PROVIDED ENTRIES:

== Segment start ==

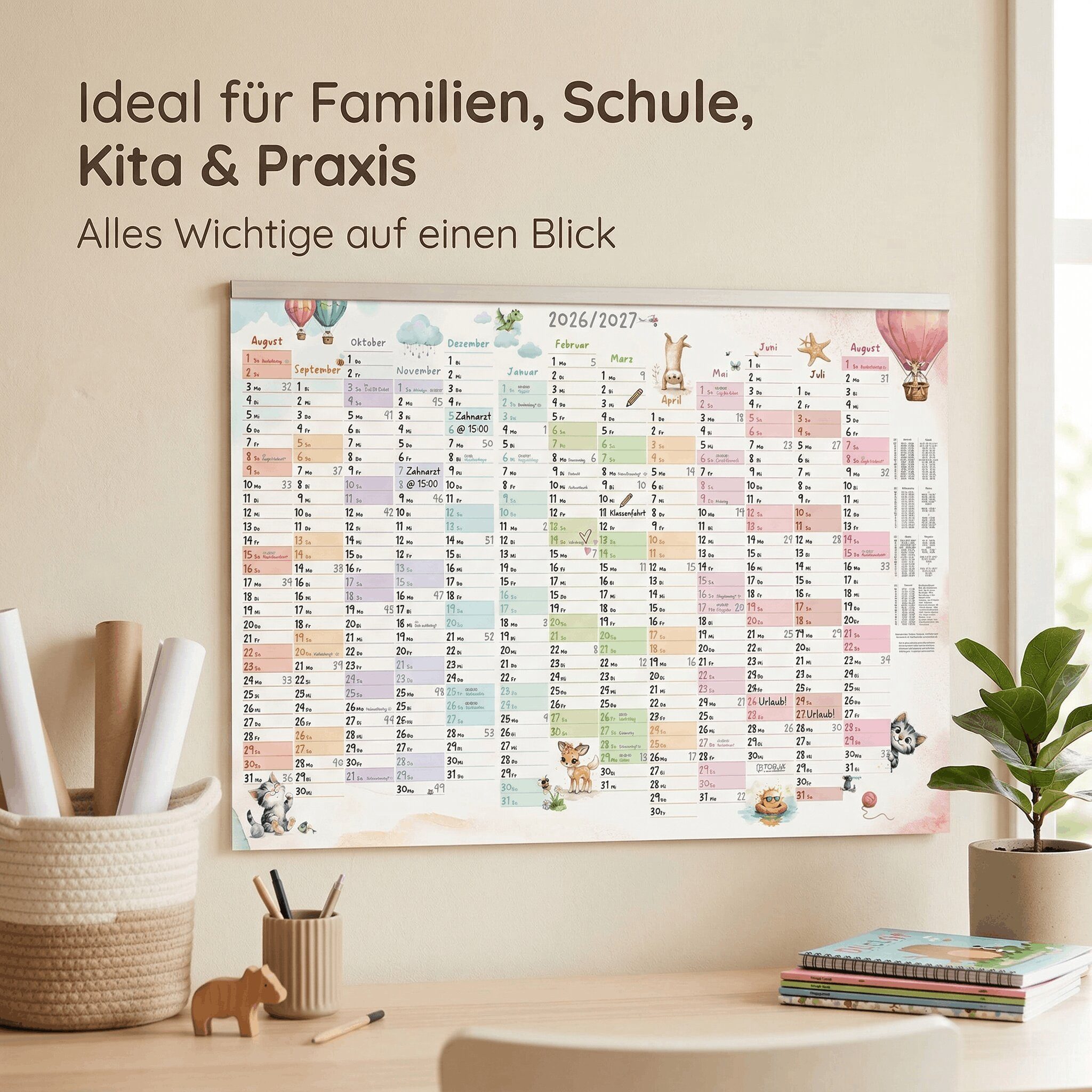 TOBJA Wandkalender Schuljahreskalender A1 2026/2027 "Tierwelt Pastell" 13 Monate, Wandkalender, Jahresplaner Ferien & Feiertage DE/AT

== Segment end ==
== Segment start ==

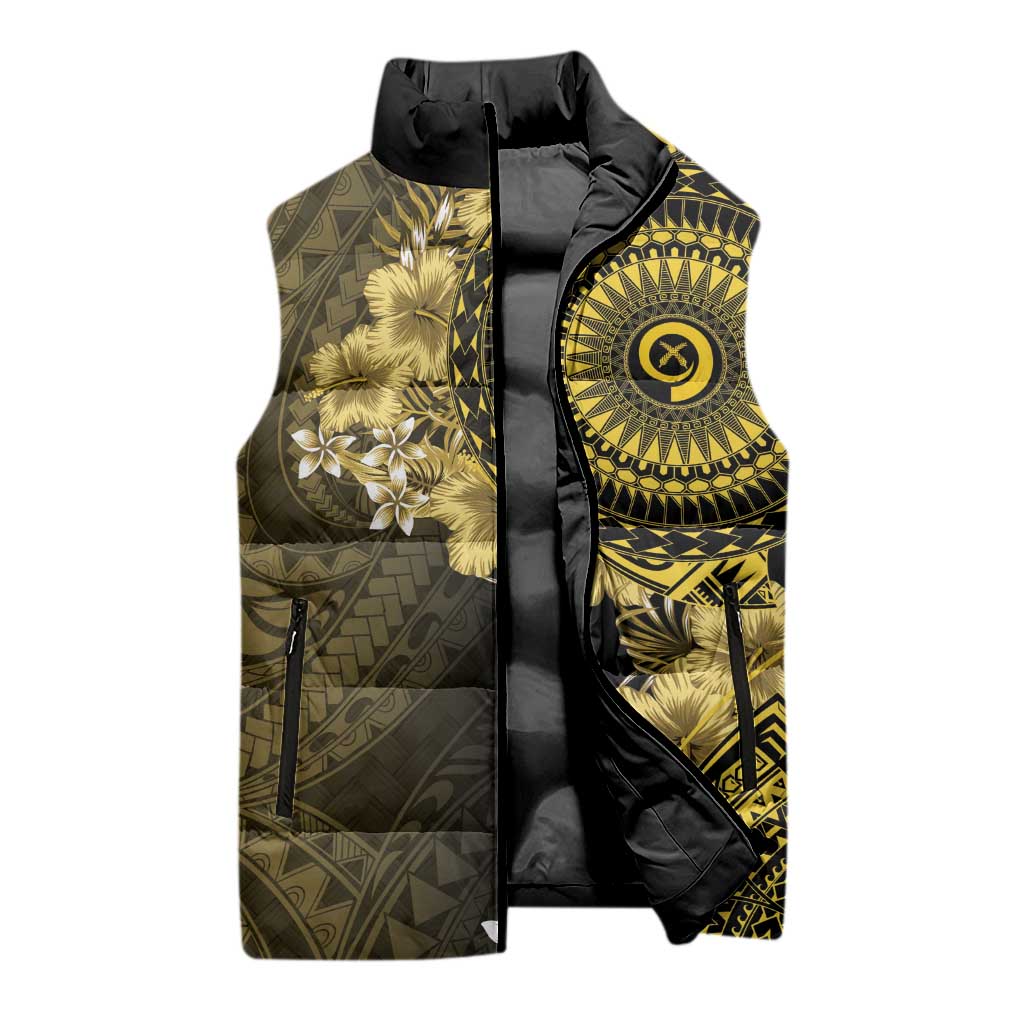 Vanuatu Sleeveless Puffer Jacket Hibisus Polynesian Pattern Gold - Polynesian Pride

== Segment end ==
== Segment start ==

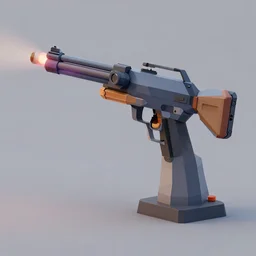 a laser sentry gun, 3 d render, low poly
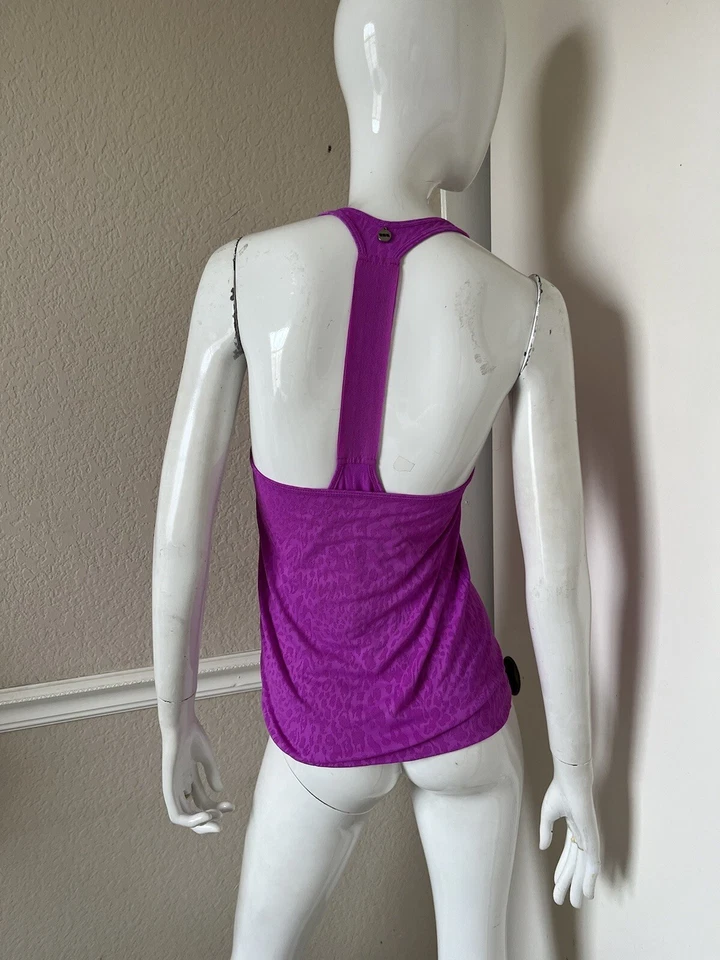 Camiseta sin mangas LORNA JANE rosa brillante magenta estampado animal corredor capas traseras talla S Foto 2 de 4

== Segment end ==

WORK ORDER:
Everything above from the line with "a laser sentry gun, 3 d render, low poly" through the line with "Camiseta sin mangas" should be retyped exactly, and nothing else; omit pictures.

ANSWER AREA:
 a laser sentry gun, 3 d render, low poly
 Camiseta sin mangas LORNA JANE rosa brillante magenta estampado animal corredor capas traseras talla S Foto 2 de 4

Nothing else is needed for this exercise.